╔══

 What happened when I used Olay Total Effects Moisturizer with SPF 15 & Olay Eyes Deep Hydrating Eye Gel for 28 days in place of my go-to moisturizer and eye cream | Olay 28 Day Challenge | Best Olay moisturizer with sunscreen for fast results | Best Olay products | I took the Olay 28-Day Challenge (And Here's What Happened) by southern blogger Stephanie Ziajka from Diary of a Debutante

╚══
╔══

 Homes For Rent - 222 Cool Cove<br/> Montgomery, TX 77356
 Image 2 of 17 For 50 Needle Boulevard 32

╚══

* [Task brief]:
Output should match, line for line, the stretch of the material above from the line holding "Homes For Rent" through the line holding "Image 2 of 17 For 50 Needle Boulevard 32".

* [Solution below]:
 Homes For Rent - 222 Cool Cove<br/> Montgomery, TX 77356
 Image 2 of 17 For 50 Needle Boulevard 32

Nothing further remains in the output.